(Supplied material Opens)
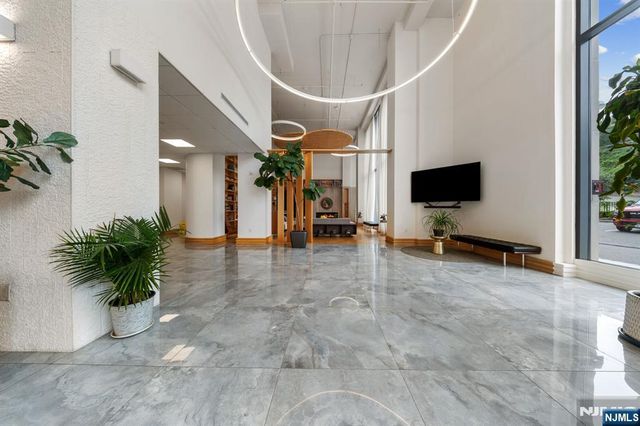 3 Somerset Lane 307, Edgewater, NJ 07020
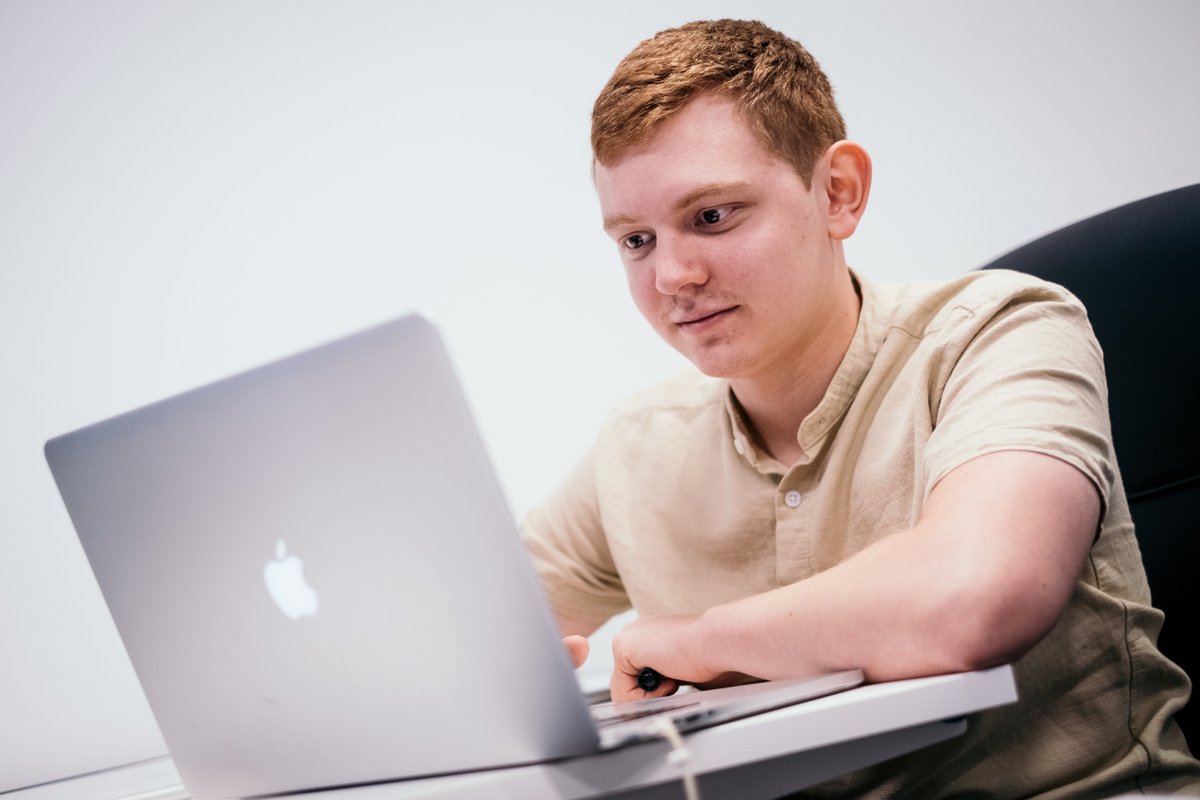 LayersStudio's tweet photo. Daniel Vickers, a member of the Layers development team, shares his advice for those seeking to secure a web developer position in a highly competitive job market.

Join us on our LinkedIn page to dive into the article 👉 by visiting the link below

https://t.co/vvFopbXQSJ https://t.co/2pMBaoyHMq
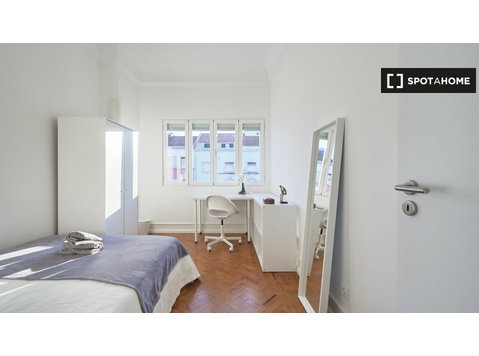 Room for rent in 12-bedroom apartment in Alameda, Lisbon - Kiralık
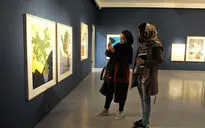 نمایشگاه آثار پروانه اعتمادی در گالری طراحان آزاد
(Supplied material Closes)
Exercise objective: Once the line holding "Join us on our" is found, set it down along with every line after it through the end of the entries, exactly, leaving the pictures out.

Answer area:
Join us on our LinkedIn page to dive into the article 👉 by visiting the link below

https://t.co/vvFopbXQSJ https://t.co/2pMBaoyHMq
 Room for rent in 12-bedroom apartment in Alameda, Lisbon - Kiralık
 نمایشگاه آثار پروانه اعتمادی در گالری طراحان آزاد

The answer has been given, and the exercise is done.